Create multiclass classification models

Completed

It's also possible to create multiclass classification models, in which there are more than two possible classes. For example, the health clinic might expand the diabetes model to classify patients as:

  • Non-diabetic
  • Type-1 diabetic
  • Type-2 diabetic

The individual class probability values would still add up to a total of 1 as the patient is definitely in only one of the three classes, and the most probable class would be predicted by the model.

Using Multiclass classification models

Multiclass classification can be thought of as a combination of multiple binary classifiers. There are two ways in which you approach the problem:

  • One vs Rest (OVR), in which a classifier is created for each possible class value, with a positive outcome for cases where the prediction is this class, and negative predictions for cases where the prediction is any other class. For example, a classification problem with four possible shape classes (square, circle, triangle, hexagon) would require four classifiers that predict:
    • square or not
    • circle or not
    • triangle or not
    • hexagon or not
  • One vs One (OVO), in which a classifier for each possible pair of classes is created.
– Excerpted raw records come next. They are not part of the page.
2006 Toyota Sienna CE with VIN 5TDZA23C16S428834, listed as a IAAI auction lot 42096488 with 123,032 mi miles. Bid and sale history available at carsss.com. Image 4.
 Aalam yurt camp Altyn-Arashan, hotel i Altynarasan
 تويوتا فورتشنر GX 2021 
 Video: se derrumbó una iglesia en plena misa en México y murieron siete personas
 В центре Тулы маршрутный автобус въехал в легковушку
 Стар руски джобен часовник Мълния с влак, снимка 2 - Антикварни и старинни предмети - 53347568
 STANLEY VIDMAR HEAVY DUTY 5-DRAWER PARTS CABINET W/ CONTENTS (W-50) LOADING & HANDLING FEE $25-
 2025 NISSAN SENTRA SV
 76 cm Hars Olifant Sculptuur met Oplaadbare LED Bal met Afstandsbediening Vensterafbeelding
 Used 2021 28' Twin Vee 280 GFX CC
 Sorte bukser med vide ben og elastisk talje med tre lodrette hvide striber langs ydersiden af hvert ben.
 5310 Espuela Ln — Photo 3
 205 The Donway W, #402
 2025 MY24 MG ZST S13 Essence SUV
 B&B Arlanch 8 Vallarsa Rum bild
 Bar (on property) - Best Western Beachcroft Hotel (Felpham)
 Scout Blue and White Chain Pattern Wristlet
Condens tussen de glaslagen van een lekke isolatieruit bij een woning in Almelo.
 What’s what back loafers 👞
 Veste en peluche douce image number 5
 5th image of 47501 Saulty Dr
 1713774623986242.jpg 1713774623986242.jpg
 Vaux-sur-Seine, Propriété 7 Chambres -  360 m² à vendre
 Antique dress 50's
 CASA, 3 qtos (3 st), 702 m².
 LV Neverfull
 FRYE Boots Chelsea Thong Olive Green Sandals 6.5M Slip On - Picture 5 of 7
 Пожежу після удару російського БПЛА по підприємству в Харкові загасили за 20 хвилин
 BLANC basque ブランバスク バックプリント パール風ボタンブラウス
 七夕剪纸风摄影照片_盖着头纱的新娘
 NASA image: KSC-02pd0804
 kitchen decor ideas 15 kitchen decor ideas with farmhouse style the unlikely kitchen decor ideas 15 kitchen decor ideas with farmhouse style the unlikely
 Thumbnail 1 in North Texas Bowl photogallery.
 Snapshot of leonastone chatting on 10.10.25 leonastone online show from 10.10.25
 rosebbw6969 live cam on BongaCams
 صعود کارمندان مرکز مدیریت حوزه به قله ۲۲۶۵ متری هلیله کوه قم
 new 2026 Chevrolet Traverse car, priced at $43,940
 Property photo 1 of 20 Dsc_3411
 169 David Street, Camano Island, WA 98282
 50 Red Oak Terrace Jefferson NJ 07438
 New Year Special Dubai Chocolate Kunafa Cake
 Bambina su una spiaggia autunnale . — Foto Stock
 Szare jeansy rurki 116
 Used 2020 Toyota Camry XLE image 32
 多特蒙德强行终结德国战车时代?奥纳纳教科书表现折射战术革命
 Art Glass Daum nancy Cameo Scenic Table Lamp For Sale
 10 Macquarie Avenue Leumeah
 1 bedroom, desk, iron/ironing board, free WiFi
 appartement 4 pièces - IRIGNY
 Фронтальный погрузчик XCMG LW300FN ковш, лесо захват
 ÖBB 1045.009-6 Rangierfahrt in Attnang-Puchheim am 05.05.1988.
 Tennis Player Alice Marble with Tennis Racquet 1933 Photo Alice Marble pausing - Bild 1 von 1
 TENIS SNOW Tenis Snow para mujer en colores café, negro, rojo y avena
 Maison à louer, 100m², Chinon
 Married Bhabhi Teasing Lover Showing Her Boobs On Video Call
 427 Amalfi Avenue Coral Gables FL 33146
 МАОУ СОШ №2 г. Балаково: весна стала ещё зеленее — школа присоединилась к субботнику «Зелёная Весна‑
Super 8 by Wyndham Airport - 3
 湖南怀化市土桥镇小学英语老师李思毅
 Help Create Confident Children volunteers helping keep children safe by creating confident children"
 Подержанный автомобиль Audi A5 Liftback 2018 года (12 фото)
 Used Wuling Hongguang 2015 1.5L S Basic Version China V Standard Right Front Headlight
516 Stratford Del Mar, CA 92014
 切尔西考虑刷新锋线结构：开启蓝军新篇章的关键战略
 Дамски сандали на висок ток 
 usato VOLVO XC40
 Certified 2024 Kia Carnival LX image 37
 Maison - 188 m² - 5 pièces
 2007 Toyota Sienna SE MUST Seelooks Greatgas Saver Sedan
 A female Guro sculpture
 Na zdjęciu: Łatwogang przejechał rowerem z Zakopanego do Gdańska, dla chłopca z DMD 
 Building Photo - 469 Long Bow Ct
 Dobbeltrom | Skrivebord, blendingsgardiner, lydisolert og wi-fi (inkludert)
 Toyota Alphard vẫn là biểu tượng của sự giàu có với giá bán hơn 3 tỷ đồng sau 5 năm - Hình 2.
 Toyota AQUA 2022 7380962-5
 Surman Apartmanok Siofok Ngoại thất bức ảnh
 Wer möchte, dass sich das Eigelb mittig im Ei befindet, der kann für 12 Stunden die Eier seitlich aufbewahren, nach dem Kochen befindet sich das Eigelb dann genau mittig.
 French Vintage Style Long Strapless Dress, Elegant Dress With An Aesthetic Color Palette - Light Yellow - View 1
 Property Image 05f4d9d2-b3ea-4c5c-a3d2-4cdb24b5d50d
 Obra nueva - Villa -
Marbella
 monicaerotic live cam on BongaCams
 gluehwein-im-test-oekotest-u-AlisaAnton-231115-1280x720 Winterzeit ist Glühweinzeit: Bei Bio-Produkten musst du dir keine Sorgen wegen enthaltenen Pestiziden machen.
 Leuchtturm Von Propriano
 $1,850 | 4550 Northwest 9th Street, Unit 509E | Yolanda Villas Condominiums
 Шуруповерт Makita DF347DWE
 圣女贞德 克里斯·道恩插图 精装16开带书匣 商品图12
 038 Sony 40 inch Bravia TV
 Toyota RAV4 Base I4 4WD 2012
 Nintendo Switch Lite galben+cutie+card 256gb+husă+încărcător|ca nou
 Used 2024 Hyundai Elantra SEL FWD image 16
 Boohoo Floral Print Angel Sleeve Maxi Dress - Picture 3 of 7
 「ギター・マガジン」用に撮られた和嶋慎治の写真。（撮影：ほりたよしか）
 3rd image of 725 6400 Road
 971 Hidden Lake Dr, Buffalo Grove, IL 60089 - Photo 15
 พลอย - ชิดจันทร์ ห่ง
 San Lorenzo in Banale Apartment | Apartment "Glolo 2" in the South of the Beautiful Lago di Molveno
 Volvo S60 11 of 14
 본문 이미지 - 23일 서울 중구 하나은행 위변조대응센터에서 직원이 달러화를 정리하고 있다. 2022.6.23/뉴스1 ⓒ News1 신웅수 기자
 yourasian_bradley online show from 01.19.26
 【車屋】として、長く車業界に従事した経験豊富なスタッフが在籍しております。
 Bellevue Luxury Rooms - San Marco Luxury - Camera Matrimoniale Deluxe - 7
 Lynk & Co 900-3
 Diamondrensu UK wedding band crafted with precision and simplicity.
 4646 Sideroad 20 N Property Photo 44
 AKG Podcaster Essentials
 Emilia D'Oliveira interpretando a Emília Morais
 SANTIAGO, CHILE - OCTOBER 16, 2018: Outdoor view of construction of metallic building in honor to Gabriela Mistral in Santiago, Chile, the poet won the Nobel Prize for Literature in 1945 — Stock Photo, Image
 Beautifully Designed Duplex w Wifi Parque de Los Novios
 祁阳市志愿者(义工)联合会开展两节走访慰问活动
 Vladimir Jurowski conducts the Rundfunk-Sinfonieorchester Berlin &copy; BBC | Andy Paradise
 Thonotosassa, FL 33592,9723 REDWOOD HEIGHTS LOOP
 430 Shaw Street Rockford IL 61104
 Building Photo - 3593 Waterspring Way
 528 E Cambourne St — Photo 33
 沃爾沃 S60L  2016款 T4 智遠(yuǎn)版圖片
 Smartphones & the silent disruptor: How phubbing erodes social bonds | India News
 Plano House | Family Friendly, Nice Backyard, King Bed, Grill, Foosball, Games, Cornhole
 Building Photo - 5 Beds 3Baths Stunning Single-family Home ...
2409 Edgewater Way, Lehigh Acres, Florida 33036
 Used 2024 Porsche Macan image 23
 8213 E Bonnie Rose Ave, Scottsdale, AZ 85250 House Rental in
The classification problem with four shape classes would require the following binary classifiers:
    • square or circle
    • square or triangle
    • square or hexagon
    • circle or triangle
    • circle or hexagon
    • triangle or hexagon

In both approaches, the overall model must take into account all of these predictions to determine which single category the item belongs to.

Fortunately, in most machine learning frameworks, including Scikit-Learn, implementing a multiclass classification model isn't significantly more complex than binary classification - and in most cases, the estimators used for binary classification implicitly support multiclass classification by abstracting an OVR algorithm, an OVO algorithm, or by allowing a choice of either.